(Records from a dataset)

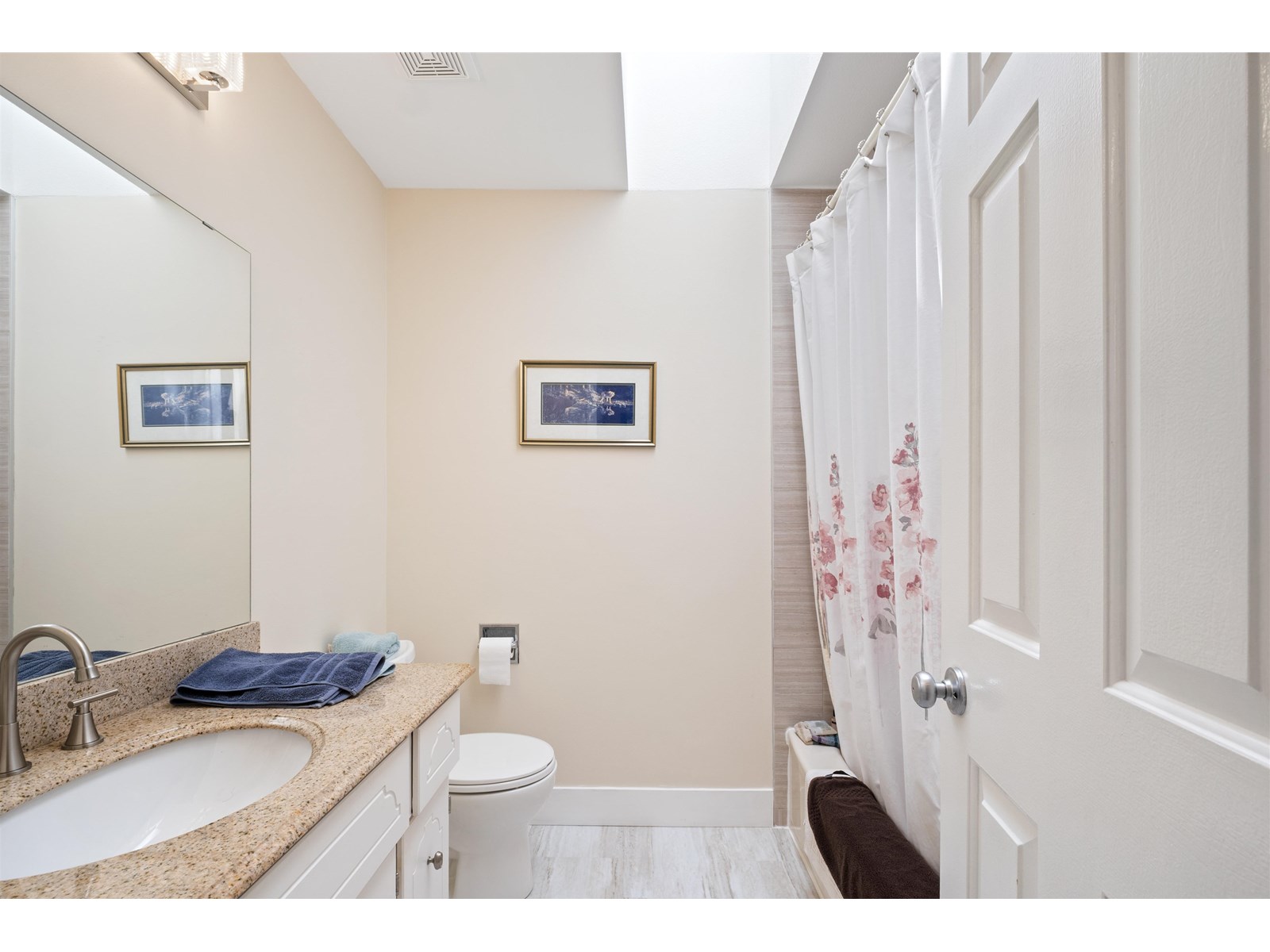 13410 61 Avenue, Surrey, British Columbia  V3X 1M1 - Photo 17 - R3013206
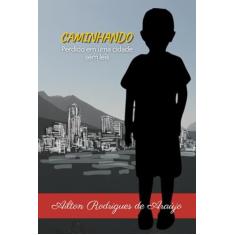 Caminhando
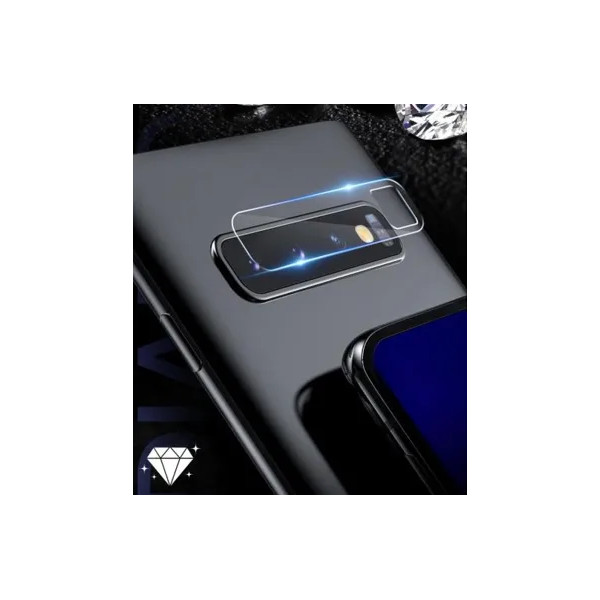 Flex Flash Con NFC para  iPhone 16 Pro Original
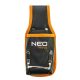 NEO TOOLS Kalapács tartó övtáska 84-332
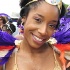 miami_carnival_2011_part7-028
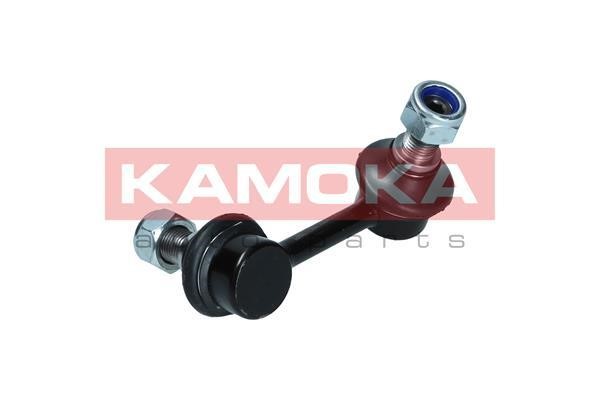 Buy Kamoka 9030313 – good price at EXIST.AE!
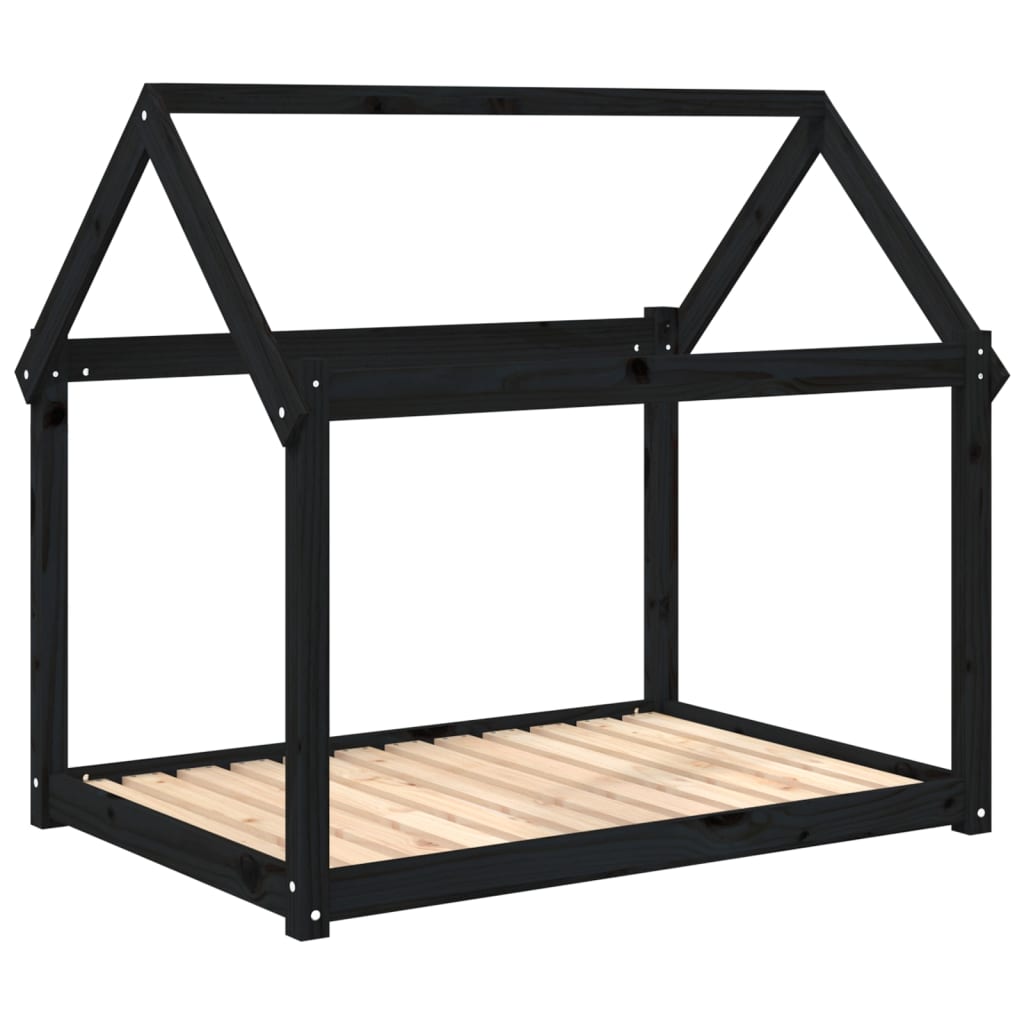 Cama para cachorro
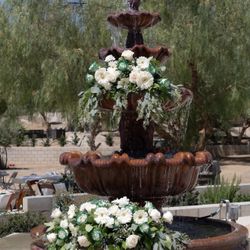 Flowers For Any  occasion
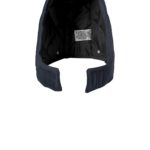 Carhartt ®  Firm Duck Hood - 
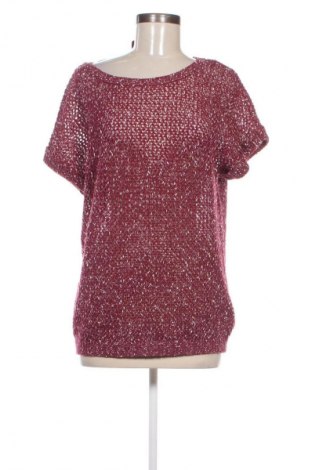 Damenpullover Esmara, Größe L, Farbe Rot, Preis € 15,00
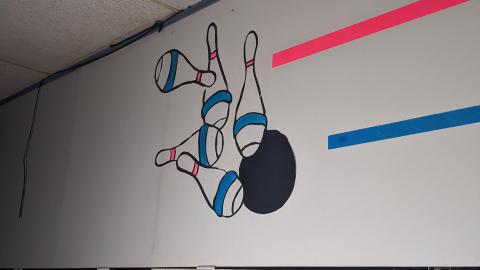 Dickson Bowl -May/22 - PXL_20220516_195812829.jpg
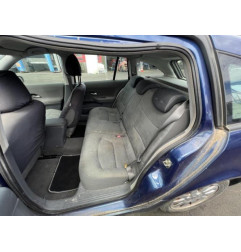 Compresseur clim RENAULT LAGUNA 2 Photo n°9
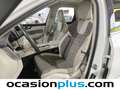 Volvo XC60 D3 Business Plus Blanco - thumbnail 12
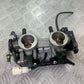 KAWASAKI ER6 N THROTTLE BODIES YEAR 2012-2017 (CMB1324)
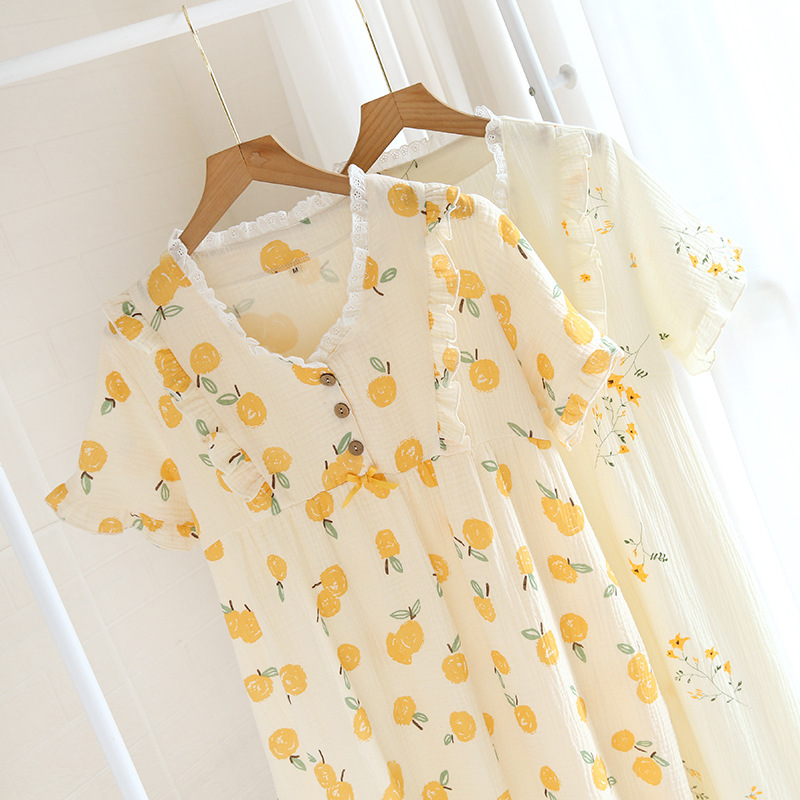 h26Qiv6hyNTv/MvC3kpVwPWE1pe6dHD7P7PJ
...
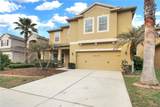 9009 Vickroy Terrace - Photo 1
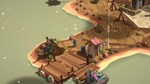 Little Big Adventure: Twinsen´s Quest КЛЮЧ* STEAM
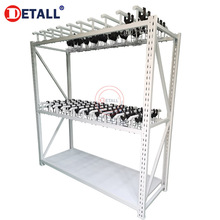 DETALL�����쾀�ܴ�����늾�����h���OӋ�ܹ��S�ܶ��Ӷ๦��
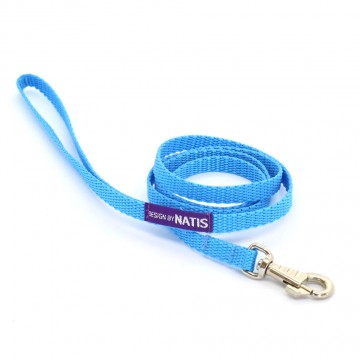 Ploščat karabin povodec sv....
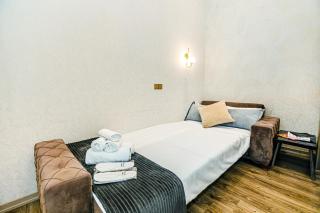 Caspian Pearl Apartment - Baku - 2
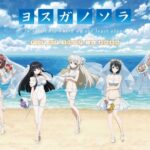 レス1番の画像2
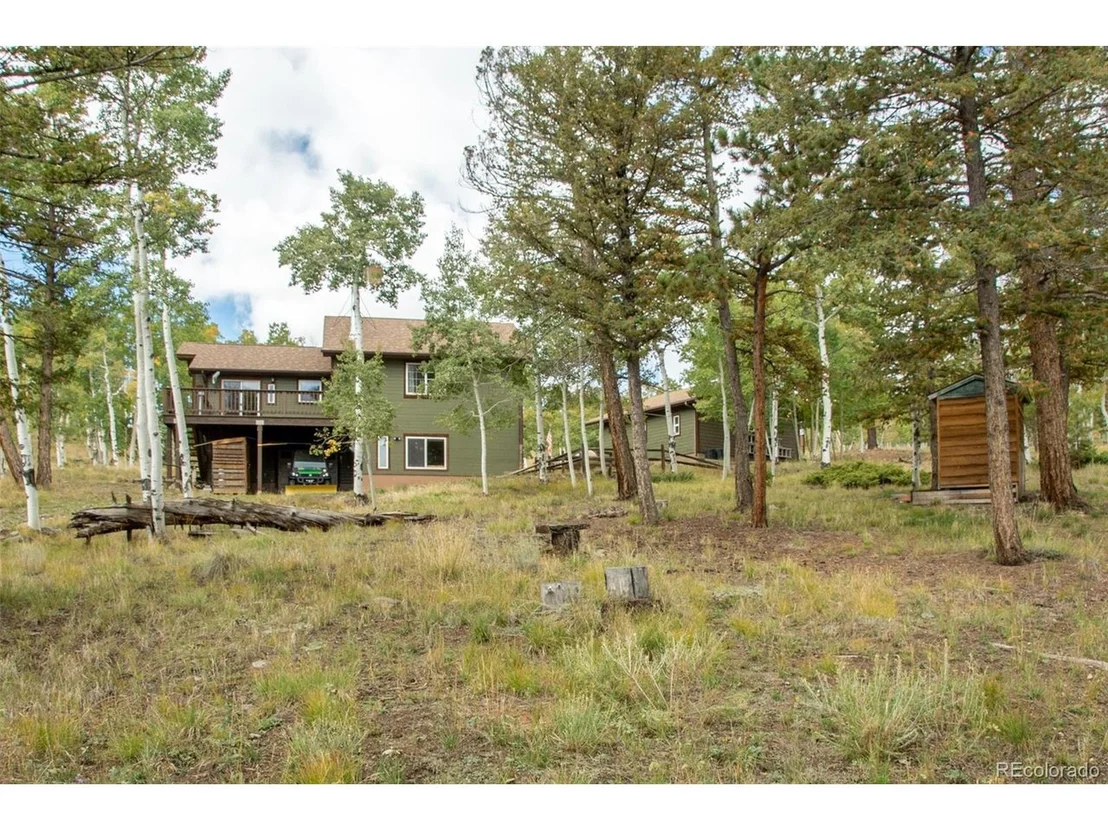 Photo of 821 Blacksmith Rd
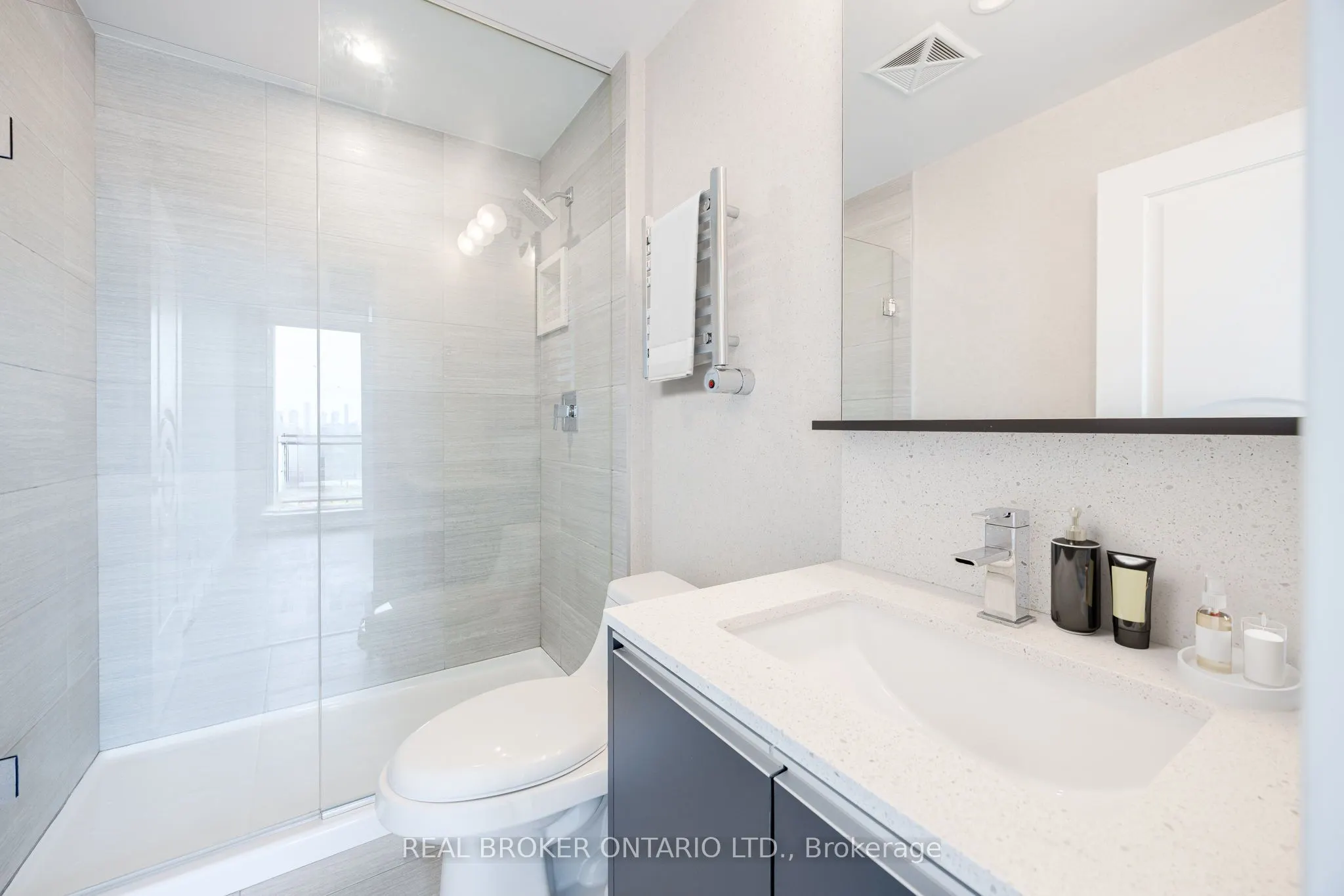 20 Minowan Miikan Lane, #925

Exercise objective:
Copy only these lines from the records above, exactly: the one with "13410 61 Avenue, Surrey, British", the one with "Compresseur clim RENAULT LAGUNA 2 Photo n°9", and those between. Skip the pictures.

Answer space:
 13410 61 Avenue, Surrey, British Columbia  V3X 1M1 - Photo 17 - R3013206
 Caminhando
 Flex Flash Con NFC para  iPhone 16 Pro Original
 NEO TOOLS Kalapács tartó övtáska 84-332
 miami_carnival_2011_part7-028
 Buy Kamoka 9030313 – good price at EXIST.AE!
 Cama para cachorro
 Flowers For Any  occasion
 Carhartt ®  Firm Duck Hood - 
 Damenpullover Esmara, Größe L, Farbe Rot, Preis € 15,00
 Dickson Bowl -May/22 - PXL_20220516_195812829.jpg
 Compresseur clim RENAULT LAGUNA 2 Photo n°9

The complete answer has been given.